Lest one imagine such conjecture is just being pulled out of someone’s lady parts, according to the Center for the Study of Women in Television and Film—a pitiful 24 percent of protagonists in mainstream film in 2017 were female. That is, sadly, a decline from 2016. In fact, the biggest roles for women in 2017 came as bit parts in the Harvey Weinstein #metoo blockbuster where everyone from ingénues to seasoned pros demonstrated their dramatic range from fury to tears.

But recent months have seen a small but significant spate of femme-centric films, a refreshing break from the season’s throwaway guilty pleasure films. Like honest politicians in Washington, these are the kind of films that tend to appear and then vanish, often unremarked upon. That might be in large part because film critics are almost always male, according to that same Center for the Study of Women in Television and Film, which in spring 2018 found that men wrote 71 percent and women 29 percent of all reviews, and not surprisingly male critics reviewed films by women or featuring female protagonists less favorably than did their female peers. And few of those male critics bother to see themselves in these dramas, even though female audiences have been forced to play the game of inserting their own struggles into male ones for the history of film.

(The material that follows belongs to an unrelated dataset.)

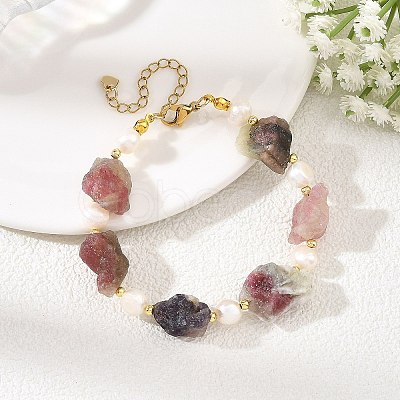 Raw Rough Natural Multicolor Tourmaline & Potato Natural Pearl Beaded Bracelets BJEW-JB14395-1
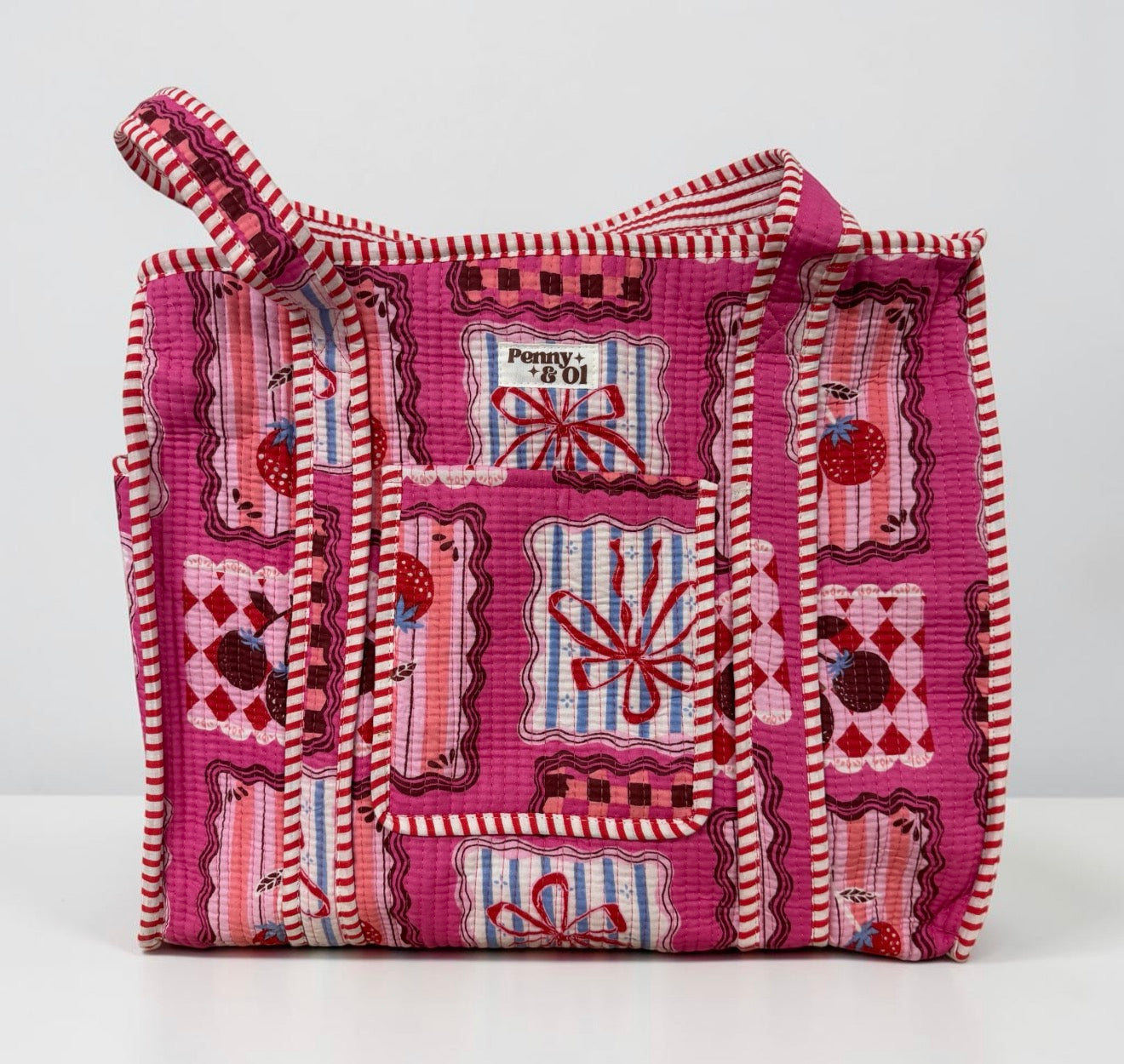 Berries & Bows Collection tote bags. Cotton tote bags all sizes.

A teen boy and two teen girls sitting in the back of a pickup truck.
The Miseducation of Cameron Post

Helmed by idiosyncratic female characters, films like Eighth Grade, Support the Girls, Skate Kitchen, The Miseducation of Cameron Post, Never Goin’ Back and even the new Glenn Close picture The Wife have held out a promise that maybe, just maybe, in this #metoo landscape, the times they are a changin’. These films, many directed by women, many of which flew under the radar this summer, take female perspective and agency as a given. They tell compelling, troubling stories far beyond anything that could be consigned to the “woman’s film” ghetto. More often than not, these films hark back to an almost forgotten time, when rules were broken, courage was absolute and limitations seemed paper thin: in other words, girlhood.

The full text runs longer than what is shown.